He pointed to Don Juan Pond in Antarctica, which remains liquid year round in subzero temperatures because of high concentrations of calcium chloride salt. “You fly over it, and it looks like a beautiful swimming pool,” Dr. McKay said. “But the water has got nothing.
Others are not so certain. David E. Stillman, a scientist at the Southwest Research Institute’s space studies department in Boulder, Colo., said water for the streaks might be different in different regions. In some, they form only during the warmest times, suggesting that those waters might not be too salty for microbes.
Even though recurring slope lineae appear to be some of the most intriguing features on Mars, NASA has no plans to get a close-up look anytime soon.
They are treated as special regions that NASA’s current robotic explorers are barred from because the rovers were not thoroughly sterilized, and NASA worries that they might be carrying microbial hitchhikers from Earth that could contaminate Mars.

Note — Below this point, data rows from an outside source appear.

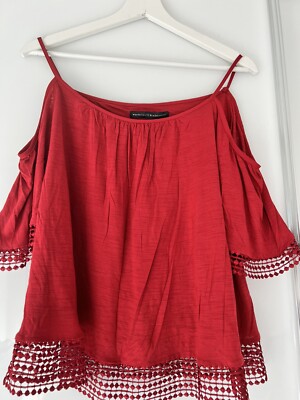 Rotes off-the-shoulder Top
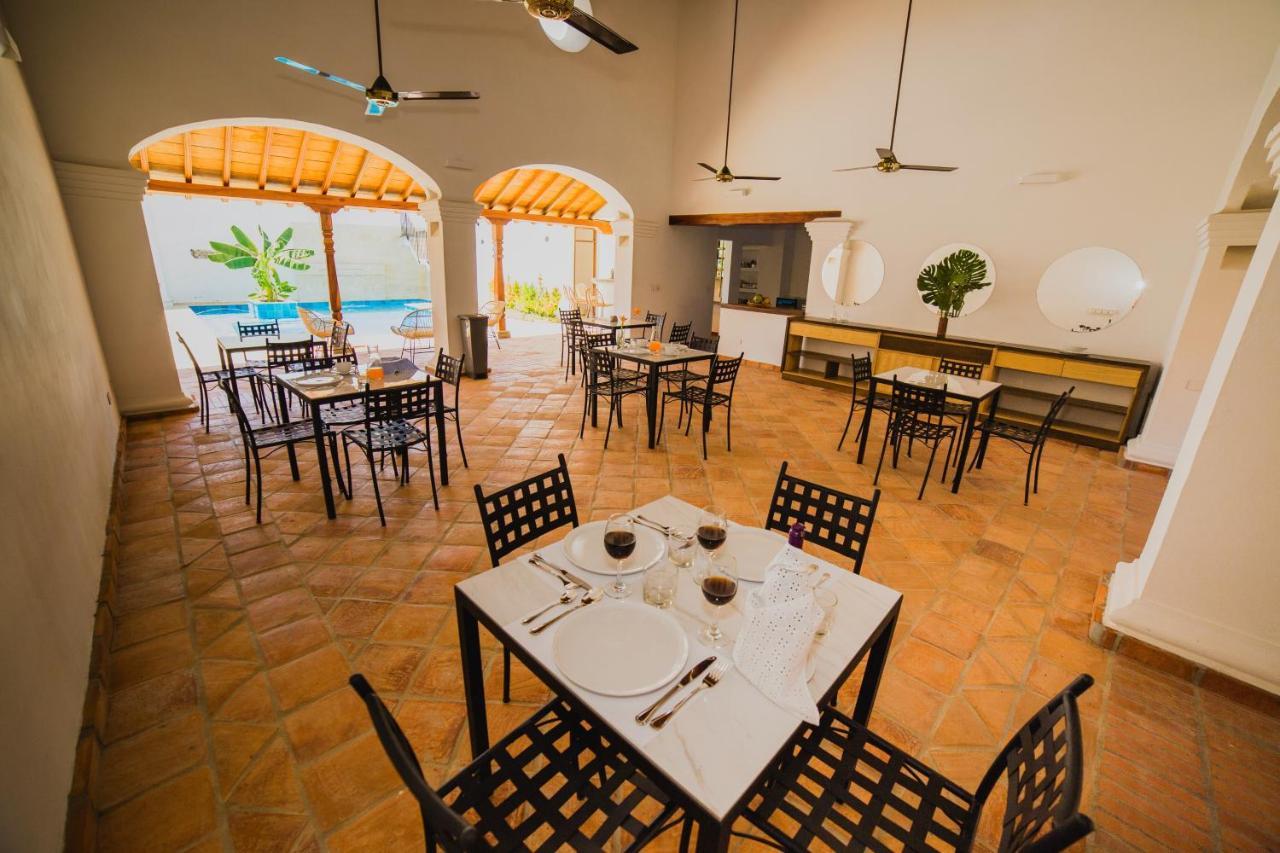 Karakali Boutique Hotel Момпос Екстер'єр фото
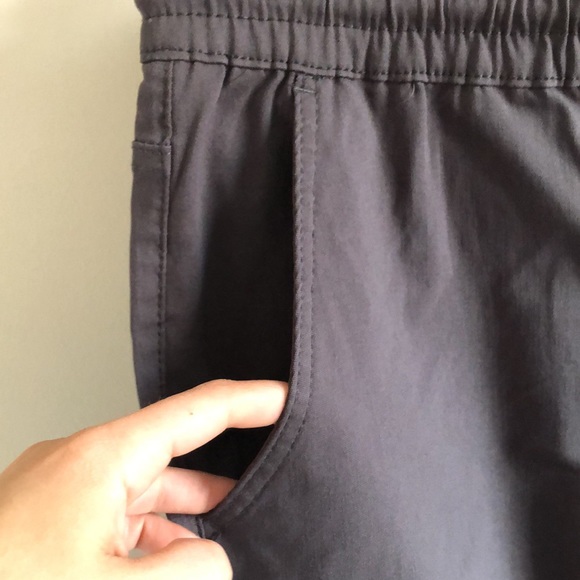 ๐10 for $100๐ stretch cargo shorts - Picture 3 of 8
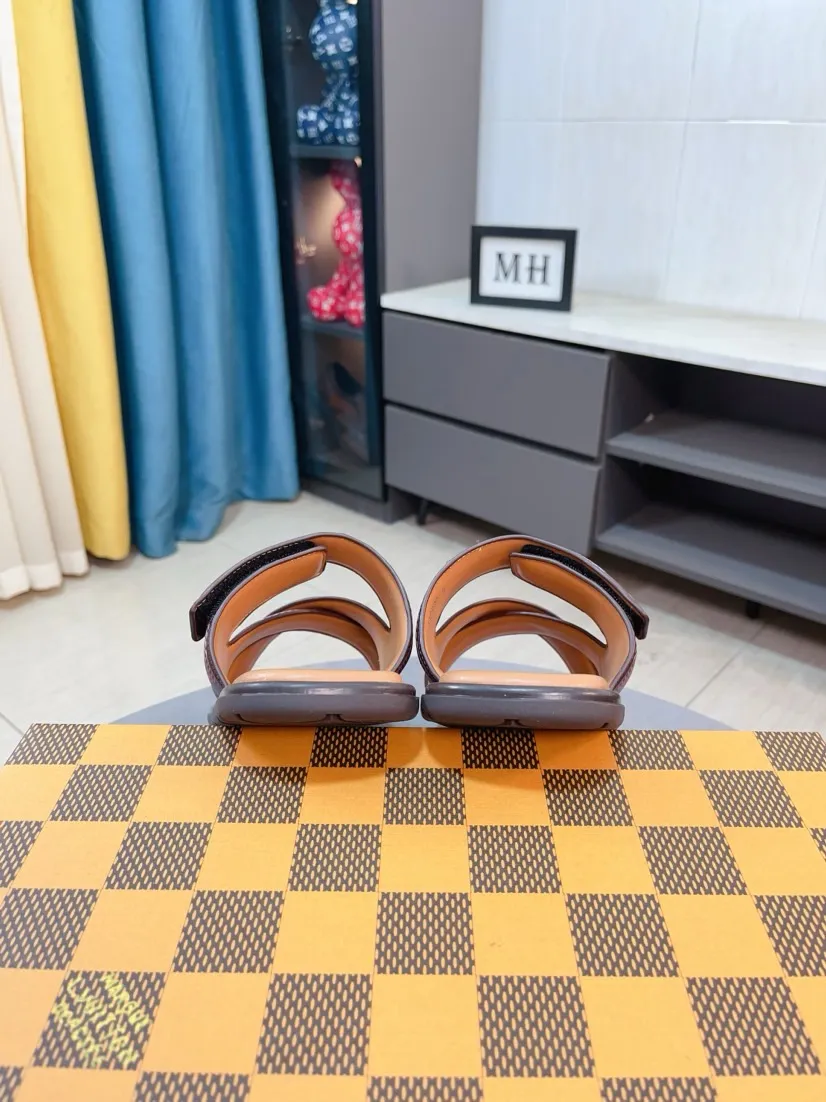 Men's shoes 💰380🌹🌹 (lv-Louis Vuitton) New men's slippers, high-end boutique, exquisite embossed logo decoration on the upper, fine workmanship, super soft soles, casual, loose and comfortable, a must-have in summer! \nsize：38-44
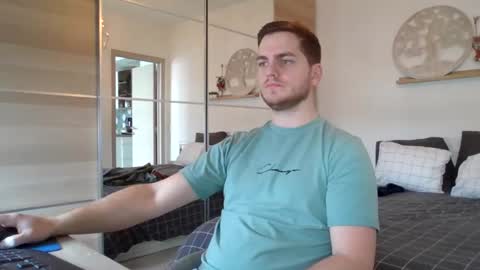 syl092 online show from January 9, 11:03 am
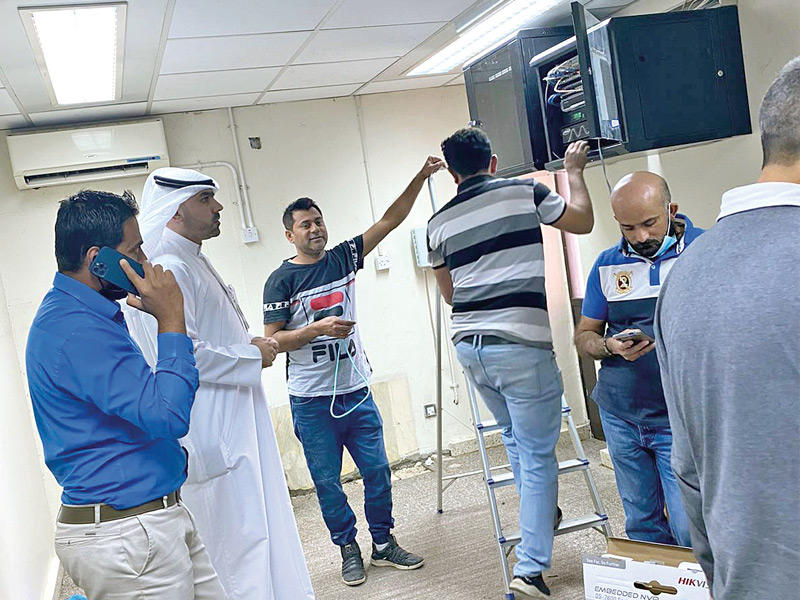 عمليات تركيب أجهزة البصمة في «الكهرباء» 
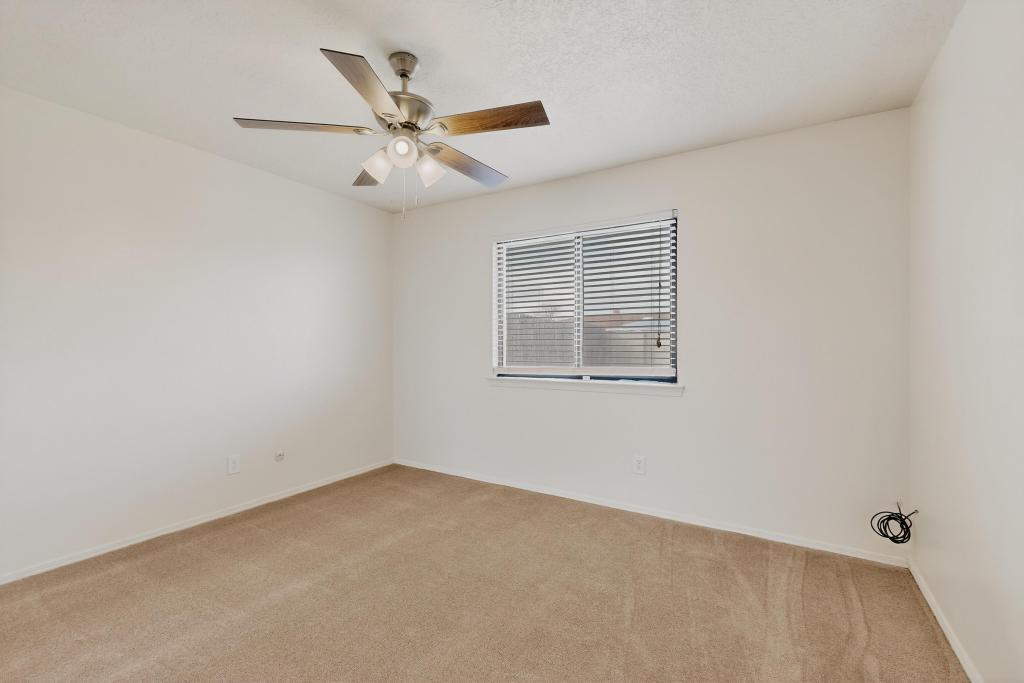 8228 Otero Avenue NE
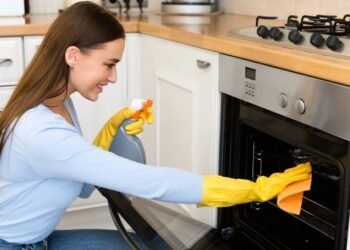 Por que forno e micro-ondas atraem baratas e o que fazer agora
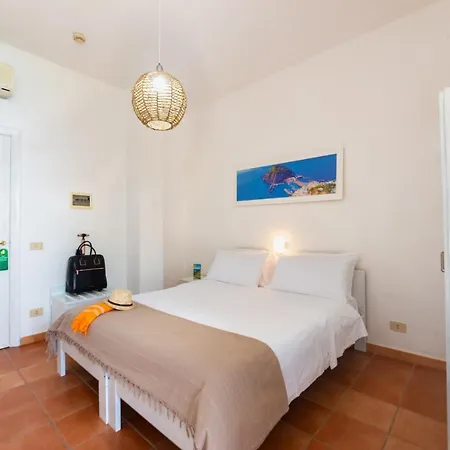 Bina Sea Hotel 2*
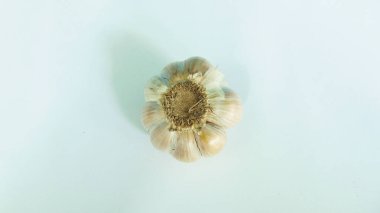 Sarımsaklı beyaz arka plan. Sarımsak, Asya 'nın temel baharatlarından biri olan birçok faydasıyla bilinir. Sarımsak, vücuda iyi gelen antioksidan açısından zengin olarak bilinir. Sağlıklı gıda kavramı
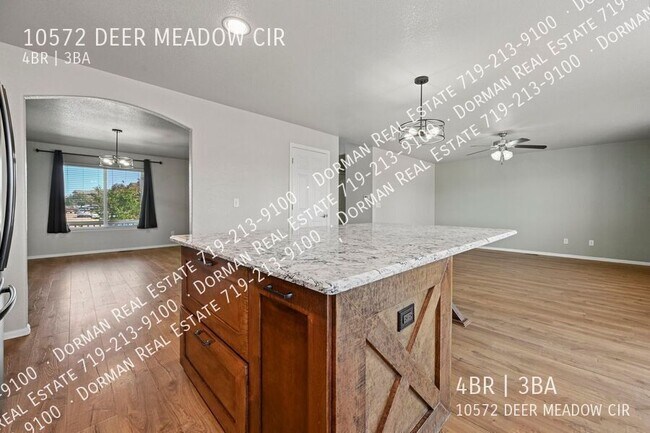Building Photo - 10572 Deer Meadow Cir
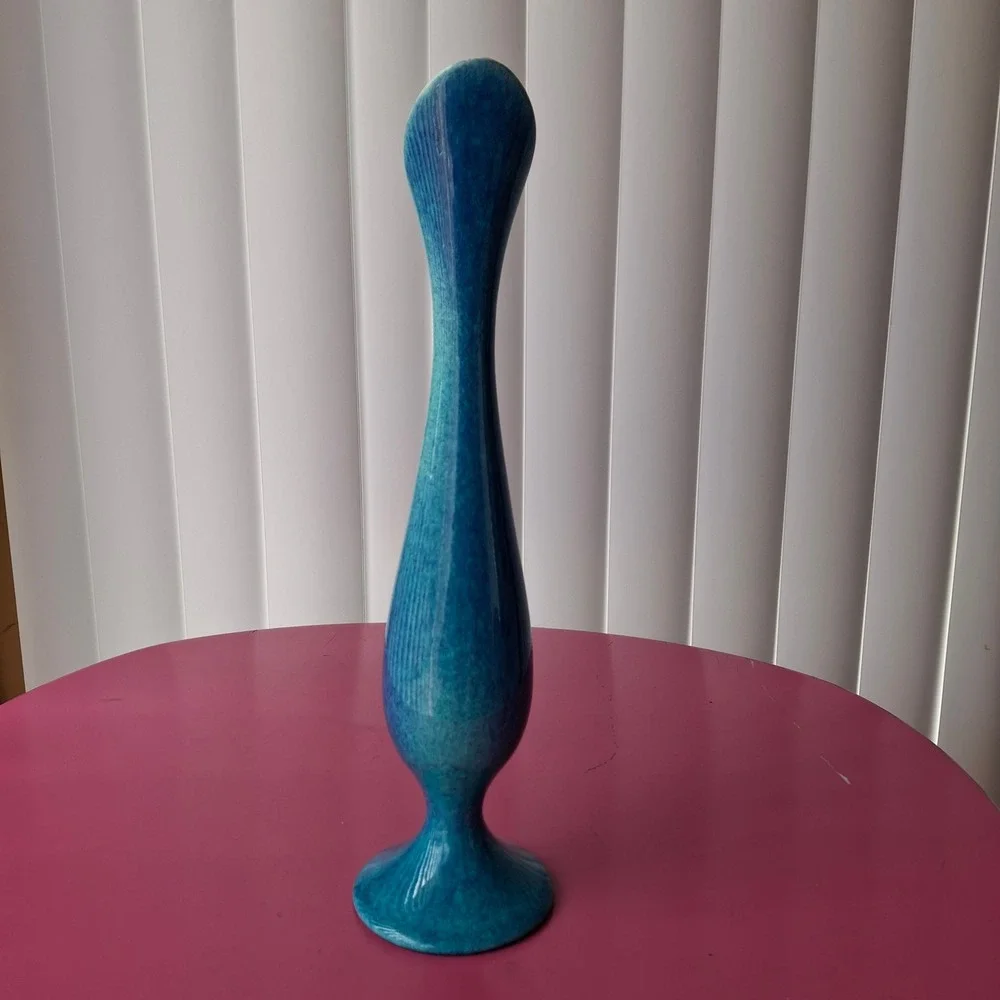 Haeger 4044 USA Mid-Century Modern Turquoise Blue Pedestal Handle Vase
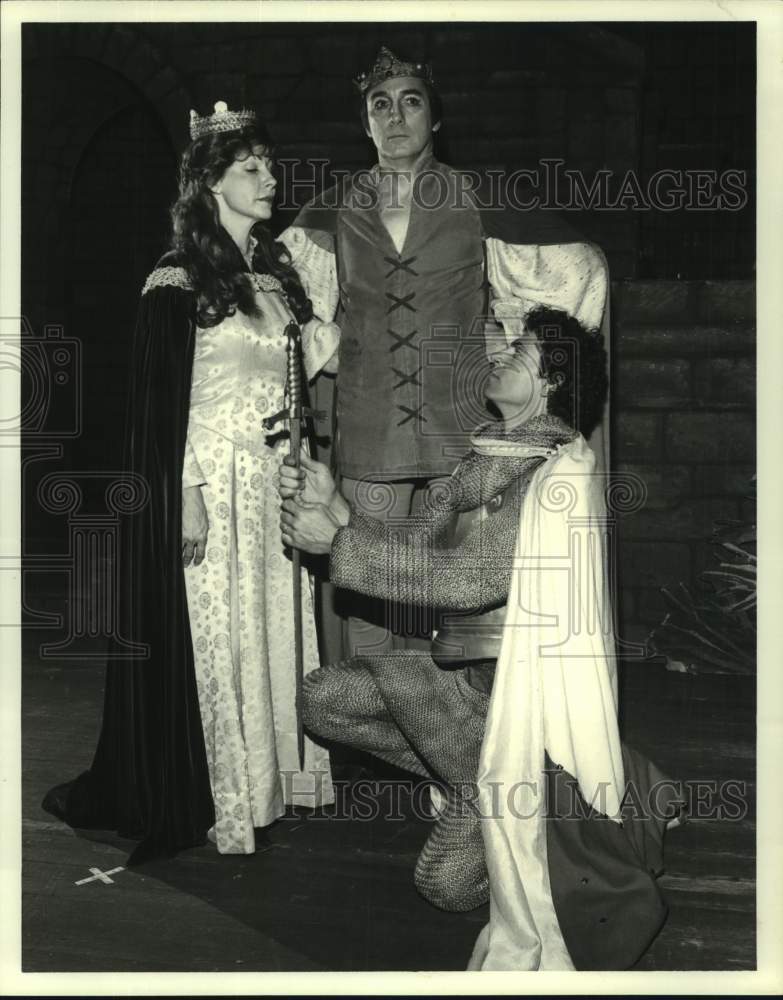 1983 Press Photo Scene from &quot;Camelot&quot; by Theater Under the Stars in Houston - Historic Images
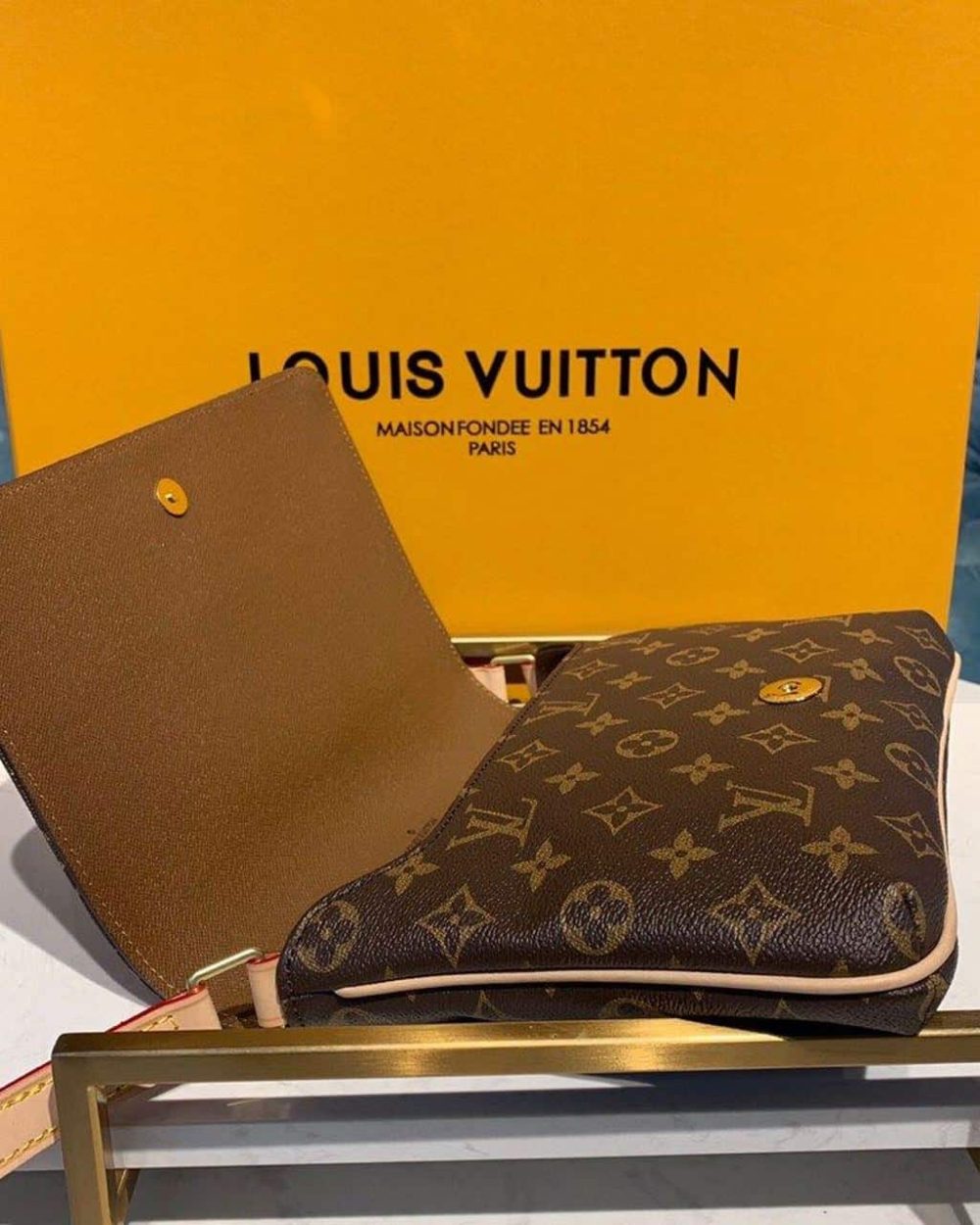 1:1 Replica Louis Vuitton LV Tango Monogram Canvas Luxury Bag For Women M51257 -  9.1in/23cm
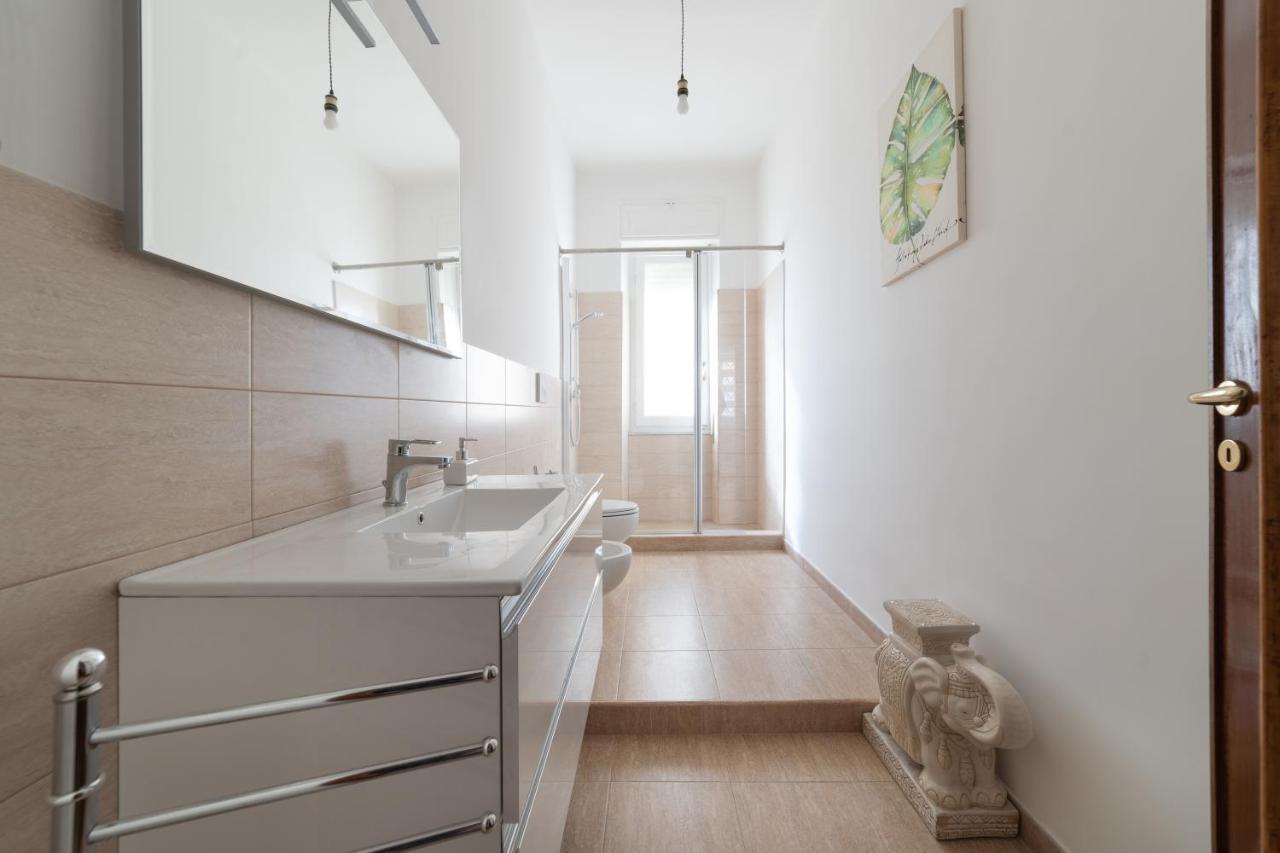 Budget Apartment Roma 70 Stazione Centrale Кальярі Екстер'єр фото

Of the spacecraft NASA has sent to Mars, only the two Viking landers in 1976 were baked to temperatures hot enough to kill Earth microbes. NASA’s next Mars rover, scheduled to launch in 2020, will be no cleaner. Sterilizing spacecraft, which requires electronics and systems that can withstand the heat of baking, adds to the cost and complicates the design.
In selecting the landing site for the 2020 rover, the space agency is ruling out places that might be habitable, including those with recurring slope lineae.
That prohibition may continue even though two candidate streaks have been identified on the mountain in Gale Crater that NASA’s Curiosity rover is now exploring, a mile or two from its planned path.
NASA and the Curiosity team could decide to approach the streaks without driving onto them, or to simply observe from a distance. The rover is still probably a couple of years away.
In an interview after the news conference, Dr. Green of NASA said that if the streaks in Gale Crater turned out to be recurring slope lineae, the space agency would consider how great a contamination threat Curiosity, irradiated by ultraviolet light for several years, might pose to a potential Martian habitat.
“If we can go within 20 meters, we can zap it with a laser,” Dr. Green said, referring to an instrument that identifies material inside a rock by the colors of light it emits as it is vaporized. “Then we can learn much more about the details what’s in those R.S.L.s. If we can get closer and actually scoop it up, that would be even better.”